> _Working data_:
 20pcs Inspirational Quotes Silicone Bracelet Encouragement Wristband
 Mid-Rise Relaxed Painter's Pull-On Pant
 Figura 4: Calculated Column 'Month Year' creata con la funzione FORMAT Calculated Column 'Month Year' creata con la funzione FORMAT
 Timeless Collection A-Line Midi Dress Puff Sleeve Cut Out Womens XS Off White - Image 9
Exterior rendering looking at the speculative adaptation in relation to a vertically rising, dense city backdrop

--

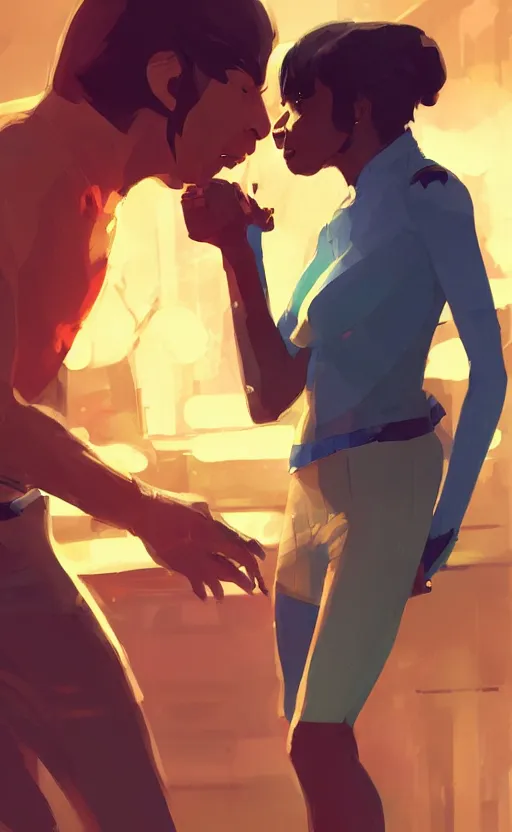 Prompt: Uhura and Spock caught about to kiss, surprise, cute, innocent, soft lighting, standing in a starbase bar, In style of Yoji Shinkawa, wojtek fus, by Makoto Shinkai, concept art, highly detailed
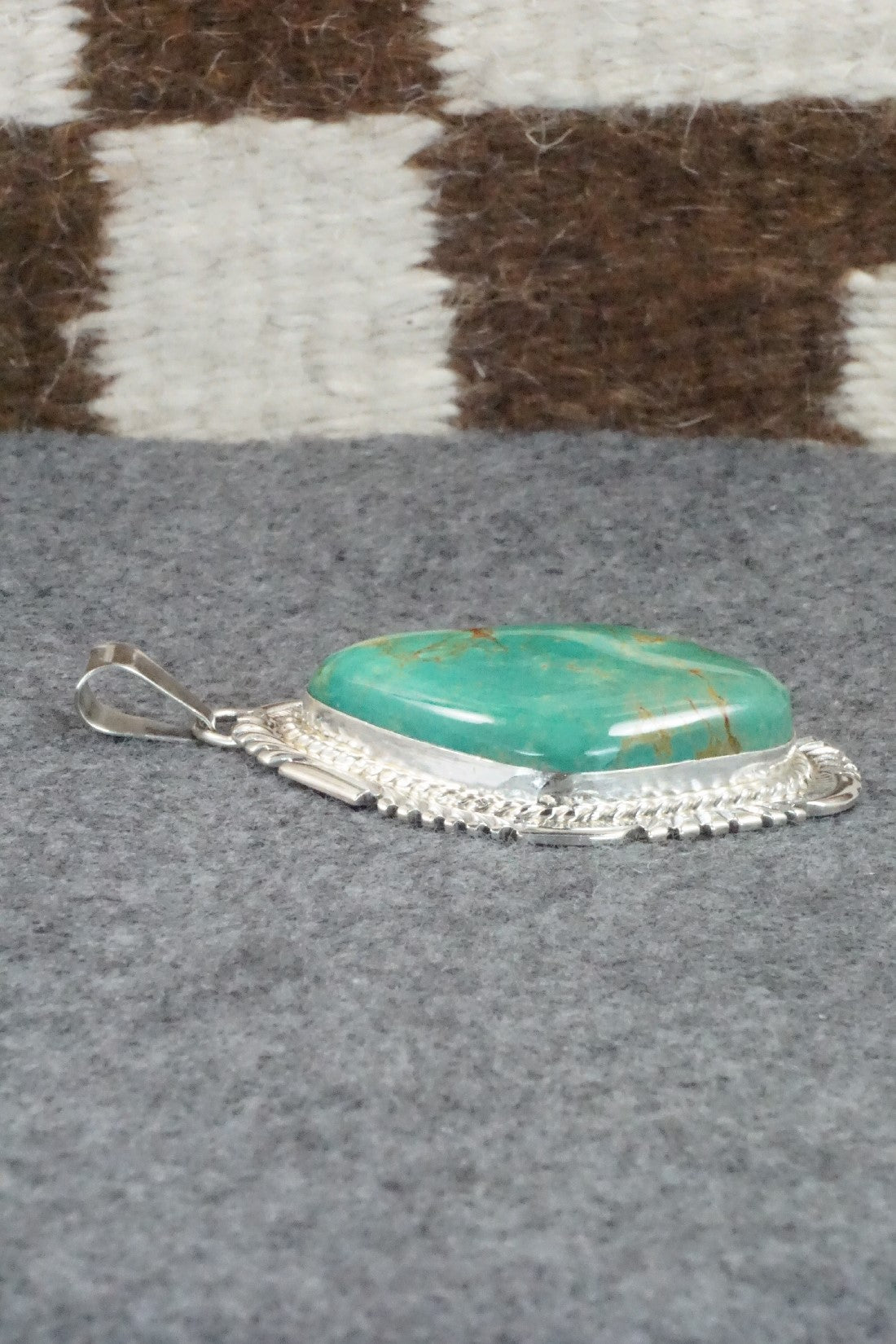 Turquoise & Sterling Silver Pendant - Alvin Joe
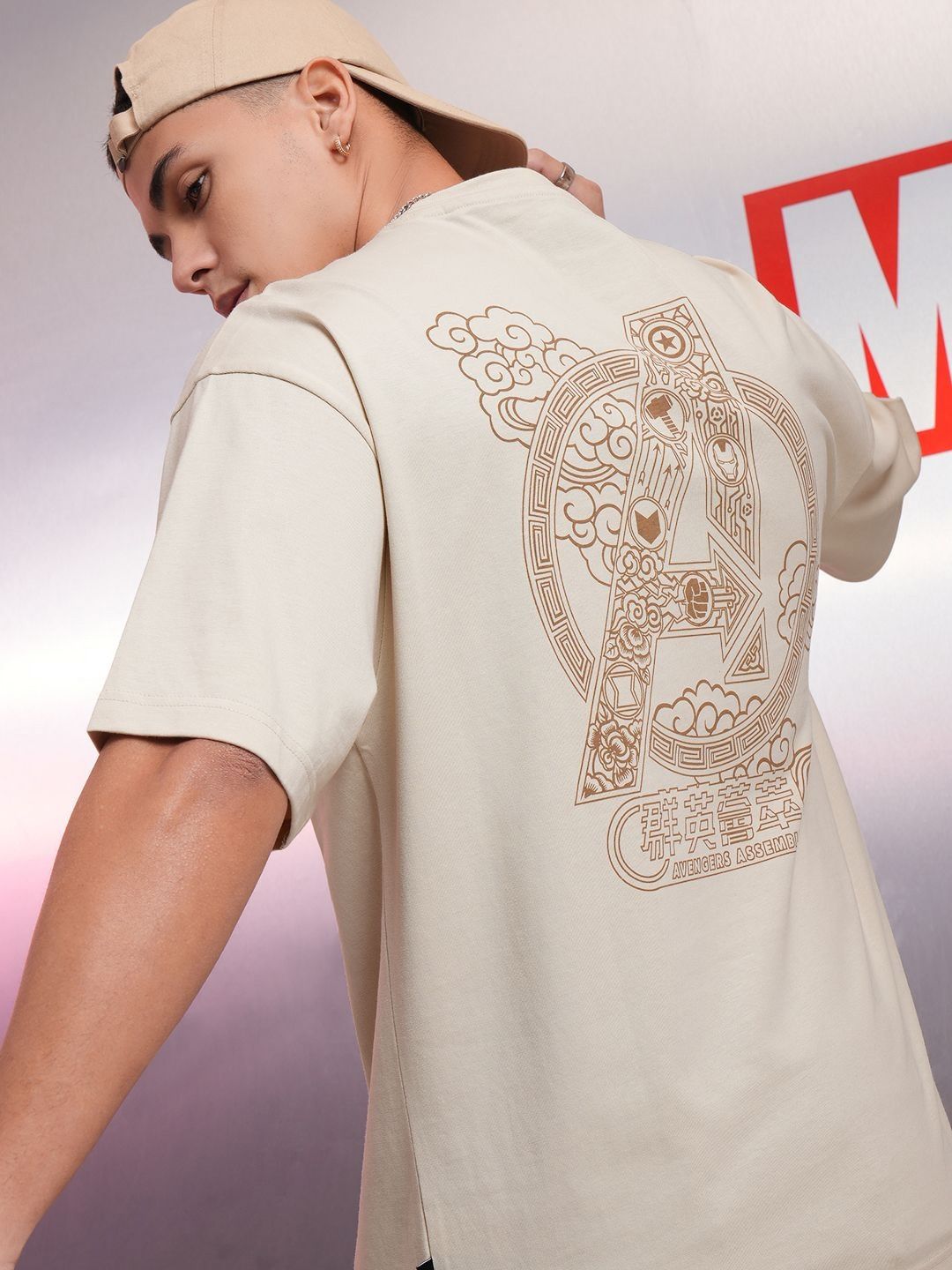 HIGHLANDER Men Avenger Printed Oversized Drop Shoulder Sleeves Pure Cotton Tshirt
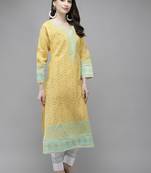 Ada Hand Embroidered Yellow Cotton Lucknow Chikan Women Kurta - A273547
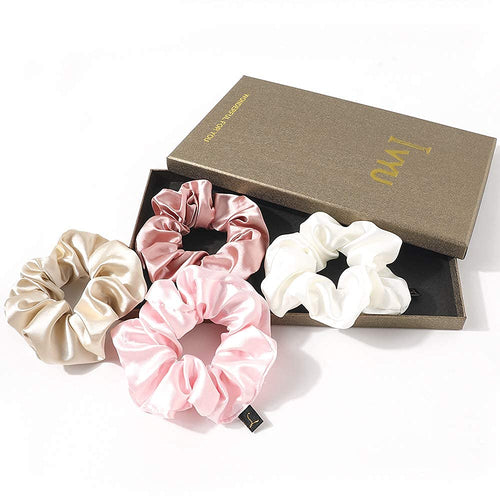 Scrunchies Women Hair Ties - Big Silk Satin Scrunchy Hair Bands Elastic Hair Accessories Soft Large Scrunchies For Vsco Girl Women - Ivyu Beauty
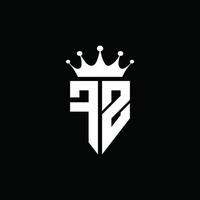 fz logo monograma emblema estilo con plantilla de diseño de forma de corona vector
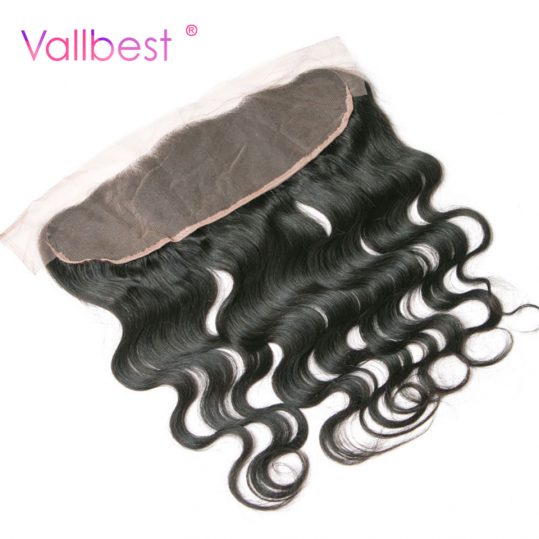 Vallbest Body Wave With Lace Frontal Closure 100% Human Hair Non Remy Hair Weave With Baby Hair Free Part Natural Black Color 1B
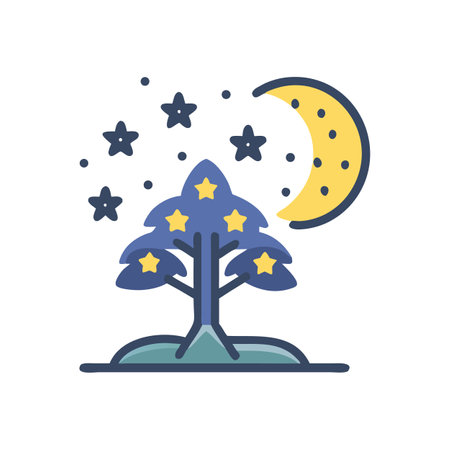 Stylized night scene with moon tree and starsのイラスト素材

* * *

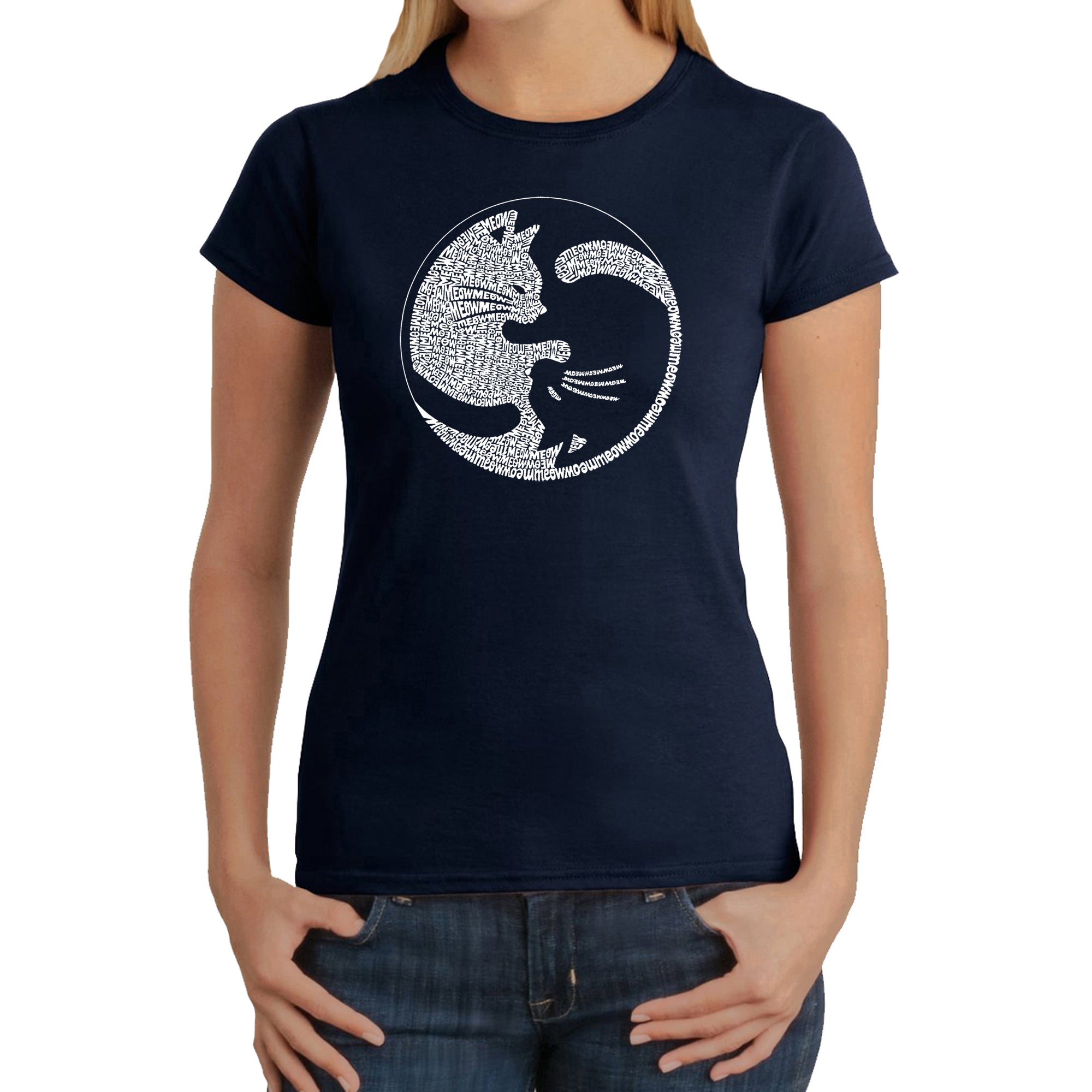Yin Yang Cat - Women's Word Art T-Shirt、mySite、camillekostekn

> _Brief_:
Beginning with the line above that contains "Ada Hand Embroidered" and finishing with the line that contains "fz logo monograma", print those lines exactly and only. Skip all pictures.

> _Answer to this task_:
 Ada Hand Embroidered Yellow Cotton Lucknow Chikan Women Kurta - A273547
 Scrunchies Women Hair Ties - Big Silk Satin Scrunchy Hair Bands Elastic Hair Accessories Soft Large Scrunchies For Vsco Girl Women - Ivyu Beauty
 fz logo monograma emblema estilo con plantilla de diseño de forma de corona vector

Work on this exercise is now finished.